Liquidation- the circumstances under which a company is said to be unable to pay its debts are stipulated under Section 384 of the Insolvency Act. It provides:

(1) For the purposes of this Part, a company is unable to pay its debts—

a. if a creditor (by assignment or otherwise) to whom the company is indebted for hundred thousand shillings or more has served on the company, by leaving it at the company’s registered office, a written demand requiring the company to pay the debt and the company has for twenty-one days afterwards failed to pay the debt or to secure or compound for it to the reasonable satisfaction of the creditor;

b. if execution or other process issued on a judgment, decree or order of any court in favour of a creditor of the company is returned unsatisfied in whole or in part; or

c. if it is proved to the satisfaction of the Court that the company is unable to pay its debts as they fall due.

(2) A company is also unable to pay its debts for the purposes of this Part if it is proved to the satisfaction of the Court that the value of the company’s assets is less than the amount of its liabilities (including its contingent and prospective liabilities).

(3)  The insolvency regulations may increase or reduce the amount specified in subsection (1) (a).

Administration is defined under Section 521 of the Insolvency Act as;

For the purposes of this Act-

a. A company is “under administration” while the appointment of an administrator of the company continues to have effect;

b. A company “enters administration” when the appointment of an administrator takes effect.”

Consequently, Section 522 of the Insolvency Act provides for the objectives of administration as:-

a. To maintain the company as a going concern;

b. To achieve a better outcome for the company’s creditors as a whole than would likely to be the case if the company were liquidated (without first being under administration);

c. To realize the property of the company in order to make a distribution to one or more secured or preferential creditors

Section 531 of Insolvency Act goes ahead to list the conditions for making an administration order as:

The Court may make an administration order in relation to a company only if satisfied—

(a) That the company is or is likely to become unable to pay its debts; and

(b) That the administration order is reasonably likely to achieve an objective of administration.”
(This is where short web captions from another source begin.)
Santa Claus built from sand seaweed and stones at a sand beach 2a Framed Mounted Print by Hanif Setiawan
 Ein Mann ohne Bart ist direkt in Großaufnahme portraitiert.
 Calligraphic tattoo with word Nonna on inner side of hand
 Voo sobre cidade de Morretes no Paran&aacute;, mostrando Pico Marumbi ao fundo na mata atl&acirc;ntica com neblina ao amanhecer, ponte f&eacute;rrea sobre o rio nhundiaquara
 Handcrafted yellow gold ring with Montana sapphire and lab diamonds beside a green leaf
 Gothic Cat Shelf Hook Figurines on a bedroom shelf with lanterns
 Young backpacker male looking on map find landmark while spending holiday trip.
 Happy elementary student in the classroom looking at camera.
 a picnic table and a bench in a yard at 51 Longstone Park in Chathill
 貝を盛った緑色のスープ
Therefore, for the court to grant the order for administration, the court must be satisfied that the company is or is likely to become unable to pay its debts and that the order if made, the Company is reasonably likely to achieve an objective (s)of administration.

Liquidation entails the process whereby, a Company that is insolvent by proof of indebtedness despite statutory demands by Creditor(s) and claims are not settled, the Company is put to bed, the Company is dissolved and the Company’s assets through a liquidator are disposed off to settle the existing claims. This is a drastic and final blow to a Company that leaves no chance of survival, through reinventing, restructuring or realigning itself to engage in commercial enterprise and becomes and remains a thriving business enterprise.

Conversely, administration process entails the process where, once a Company is insolvent; is not able to settle debts due and owing despite statutory demands; consideration of its asset portfolio given time and opportunity would upon valuation settle the indebtedness and resuscitate the Company to continue as a thriving commercial enterprise.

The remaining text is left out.